Le plus âgé de ces deux hommes était très-grand; il avait des traits italiens fortement prononcés, le nez aquilin, les yeux creux et très-pénétrants; ils semblaient de feu, quand son âme était agitée, et même dans un état de repos, ils gardaient quelque chose de l'emportement des passions. Son visage était maigre, allongé comme après un long jeûne.
L'autre, d'environ quarante ans, avait des traits d'un autre genre. Son regard sournois paraissait fin et subtil; ses yeux, d'un gris noir, étaient petits et très-enfoncés; sa figure presque ovale, irrégulière, et mal dessinée.
Huit autres personnages se trouvaient à la même table; ils étaient tous en uniforme, et gardaient tous une expression plus ou moins forte de férocité, d'astuce ou de libertinage. Emilie les regardait avec timidité, se rappelait la matinée de la veille, et se croyait environnée de bandits. Le lieu de la scène était une salle antique et ténébreuse; une seule fenêtre, haute et gothique, en éclairait l'immensité; deux battants ouverts laissaient voir le rempart de l'ouest et les Apennins.

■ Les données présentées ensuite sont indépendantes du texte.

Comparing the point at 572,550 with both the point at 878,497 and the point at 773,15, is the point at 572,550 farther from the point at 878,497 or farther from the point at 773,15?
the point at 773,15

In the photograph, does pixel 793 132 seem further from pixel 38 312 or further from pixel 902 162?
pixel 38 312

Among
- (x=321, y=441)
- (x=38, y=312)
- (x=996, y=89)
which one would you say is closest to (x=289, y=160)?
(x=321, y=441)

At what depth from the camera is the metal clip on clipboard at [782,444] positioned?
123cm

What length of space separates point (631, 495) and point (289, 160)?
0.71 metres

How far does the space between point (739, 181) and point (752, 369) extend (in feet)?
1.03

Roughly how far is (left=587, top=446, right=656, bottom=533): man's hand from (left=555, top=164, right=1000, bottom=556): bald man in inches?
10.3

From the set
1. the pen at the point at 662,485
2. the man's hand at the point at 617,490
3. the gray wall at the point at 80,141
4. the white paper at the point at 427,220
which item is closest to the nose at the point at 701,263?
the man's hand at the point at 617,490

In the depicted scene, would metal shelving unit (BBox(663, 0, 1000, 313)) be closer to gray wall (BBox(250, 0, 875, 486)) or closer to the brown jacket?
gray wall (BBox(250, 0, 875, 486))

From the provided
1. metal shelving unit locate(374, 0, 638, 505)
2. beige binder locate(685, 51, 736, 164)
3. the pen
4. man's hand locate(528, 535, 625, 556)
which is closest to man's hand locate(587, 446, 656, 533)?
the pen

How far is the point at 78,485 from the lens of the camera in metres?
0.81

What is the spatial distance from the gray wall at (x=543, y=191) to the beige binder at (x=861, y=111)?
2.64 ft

Le milieu de cette salle s'élevait en dôme; la voûte s'appuyait de trois côtés sur de lourds piliers de marbre; de longues colonnades en partaient et s'étendaient dans l'ombre. Tous les pas des domestiques faisaient résonner les échos; leurs figures, mal distinguées dans une sombre distance, alarmaient fort souvent l'imagination d'Emilie. Elle regardait alternativement Montoni, ses hôtes et la salle; elle se rappelait sa terre natale, sa jolie maison, la simplicité, la bonté des amis qu'elle avait perdus.

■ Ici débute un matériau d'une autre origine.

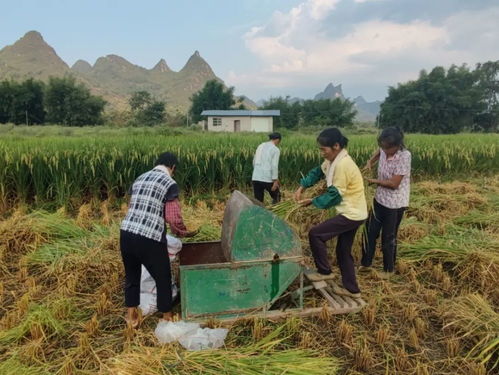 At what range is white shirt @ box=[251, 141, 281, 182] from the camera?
5.70 meters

Elle observait que Montoni gardait avec ses hôtes un air d'autorité très-marqué. Il y avait aussi quelque chose dans les manières des étrangers, qui, sans être servile, annonçait une grande déférence.
Pendant le dîner, l'entretien ne roula que sur la guerre ou sur la politique; on y parla de Venise, de ses dangers, du caractère du doge régnant, et des principaux sénateurs. Quand le repas fut fini, les convives se levèrent, et chacun remplissant son verre, salua Montoni, but à ses exploits. Montoni portait sa coupe à ses lèvres, quand soudain le vin écuma, s'enfuit par les bords, et brisa le vase en mille pièces.